Fuck, I’m Old.
Fuck I’m old. You know how I know this?
‘Cuz I be napping. You would think that not being able to throw back 13 shots to the face without having a 13-day hangover, or years of pro-rated back fat finally catching up to me would be the dead giveaway, but nope. I treasure naps like I treasure all those poor animals in the Sarah McLachlan animal cruelty commercial. DAMN YOU SARAH MCLACHLAN!
I mean, who the fuck takes naps? I’ll tell you who: babies and old people. This is how I further know I’m old, because babies dread naps. As a child, I never willingly wanted to go to sleep. I wanted to play Goddammit! How was I supposed to just drop all my toys, and go from 93 to 0 just because my mom told me it was nap time?! That shit don’t even make sense. Nowadays, show me a couch and I’ll show you Grandpa Simpson. See, it’s one thing to just fall asleep from exhaustion (which I do as well), but to make the conscious decision and say, “Welp, I think I’m going to take a nap now” screams old. And if your sole reason for taking a nap is to prepare for a night out? Then congratulations, you’ve just added 2 years to your real age.
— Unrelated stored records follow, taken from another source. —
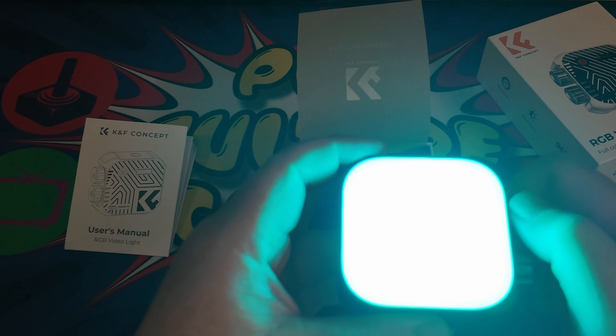There is also a flickering mode — I'm not sure why you would want to use that one, but if you do have a need for a flickering light, there you go.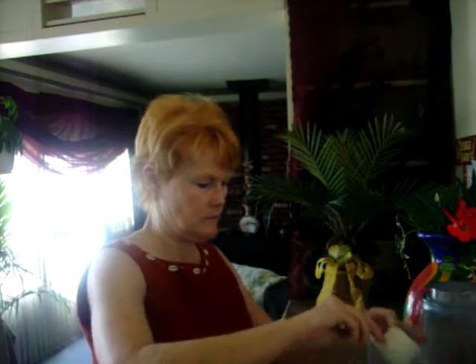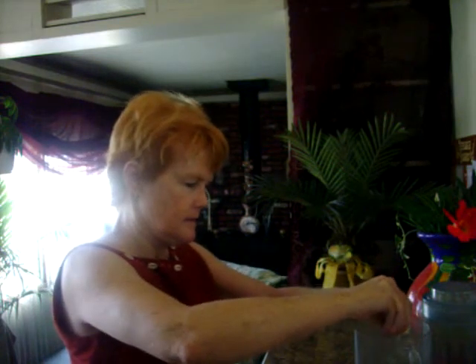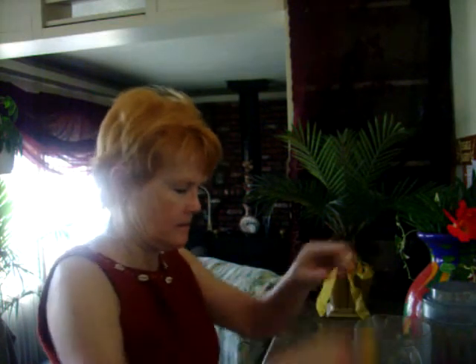I put half a cup of sugar in a pitcher, and I cut up two small lemons — just squeeze the juice in like this. Take out as many seeds as you can. I already did that.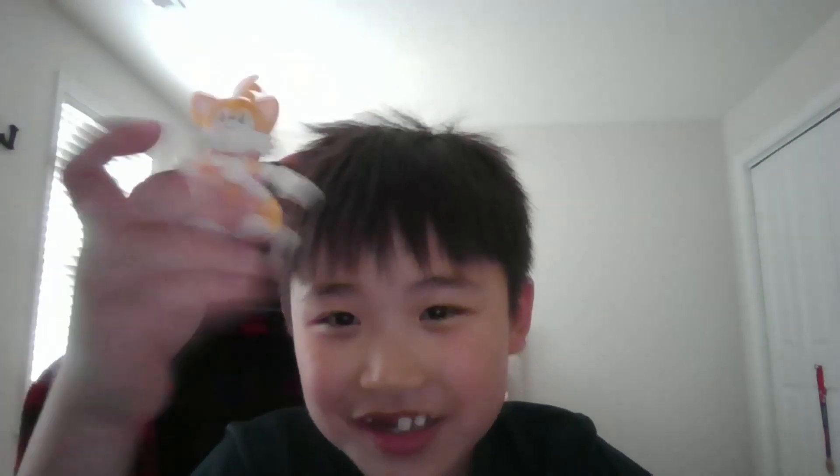That's the end of this video. I hope you liked it, cause I did. Bye-bye!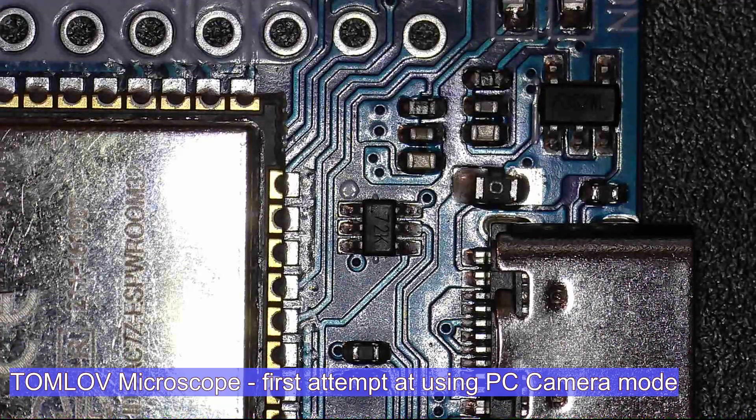This isn't going to be edited in any way. I'm using the Tomlove microscope — it's USB output, PC camera mode, straight into the USB on my PC. And then I'm using the free OBS Studio to record this. No editing at all.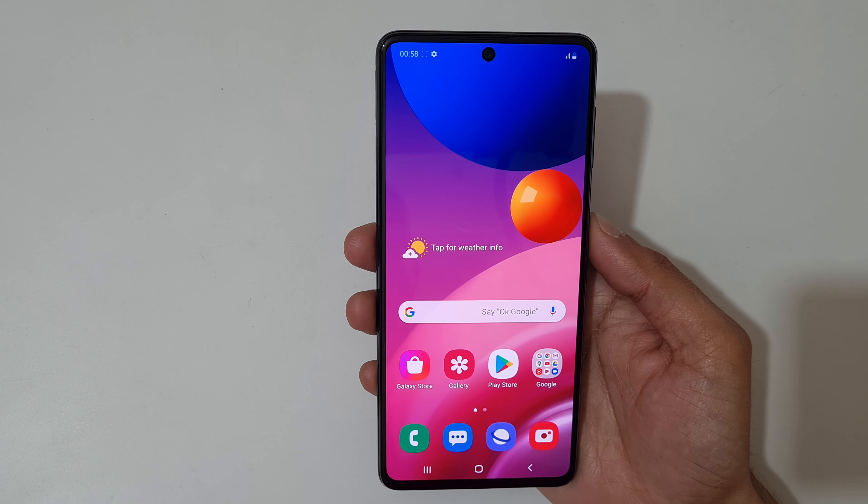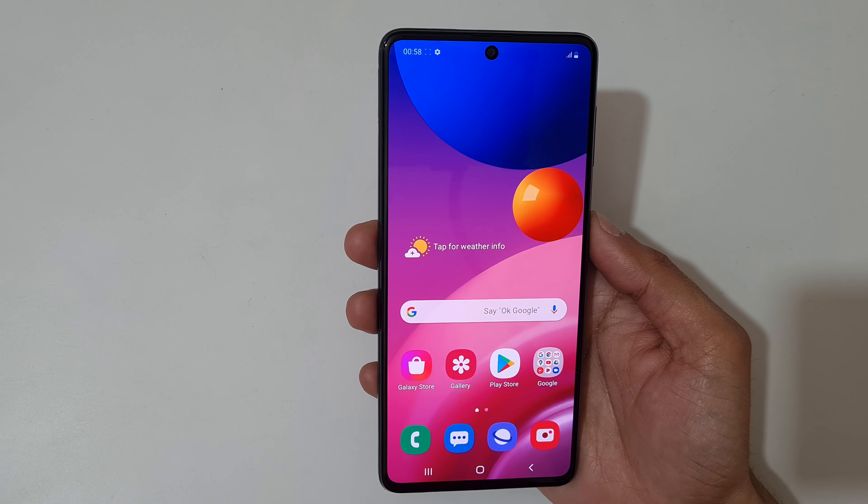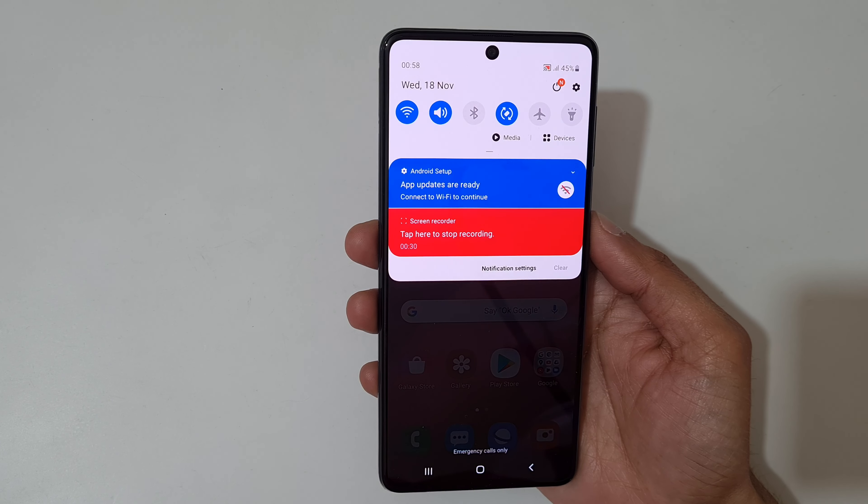Hey guys, welcome to my channel. In this video I'm gonna show you how to record a screen in the Samsung Galaxy M51 smartphone. To record a screen, just slide from the top and here you can see a screen recorder. Tap on it.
‘Cuz I be drinking needing coffee. When my great-grandfather was alive and I was still small enough to sit on his lap while he played Black-Jack, sometimes I would be lucky enough to drink his coffee. On a good day, I’d even get my own cup. I remember making a huge deal out of it, and dipping my pandesal into it with glee. When I got older, I drank it when I was bored at work since it was always around being in an office environment. Then, I discovered Starbucks and embarked on a world of vanilla-iced-everythang-caramel-frappachino-mocha-choca-latta-tata’s. By the time I was done whipped-creaming and extra shot of vanilla-ing my coffee, it wasn’t even coffee anymore.
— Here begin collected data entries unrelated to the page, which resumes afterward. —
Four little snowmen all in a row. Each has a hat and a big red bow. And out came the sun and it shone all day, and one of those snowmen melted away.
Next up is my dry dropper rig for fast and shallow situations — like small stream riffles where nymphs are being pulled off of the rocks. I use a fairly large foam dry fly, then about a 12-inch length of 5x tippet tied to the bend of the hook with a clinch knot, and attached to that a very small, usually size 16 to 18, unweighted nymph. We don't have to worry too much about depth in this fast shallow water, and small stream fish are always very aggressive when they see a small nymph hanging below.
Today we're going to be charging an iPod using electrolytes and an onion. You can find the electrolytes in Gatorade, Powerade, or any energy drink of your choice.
What was once a novelty is now almost a necessity. Today I need coffee, because either I’m a) hungover or b) will stab someone in the neck if I don’t have any.
‘Cuz I be looking like shit and DGAF. A few weeks ago I was left without a choice but to attend my friends basketball game in Queens. If I was 22, or even 25, I would’ve took a cab home. I was in sweats (not even my “good” sweats mind you), had absolutely no makeup on, and I was about to be in a room with a bunch of dudes most of which I didn’t even know. Normally, this would not fly. Normally, I would’ve waited in the car. But after a while, you stop giving a fuck and realize that once someone sees you looking your worst, it can only go up from there. You also remember that most of these dudes playing ball are 26 on average and you have no reason to look cute in front of them anyway. Put me in a room with some grown-ass professionals though and it’s a different story. I’m not walking within 20 feet of them unless I have concealer and blush on at the very least.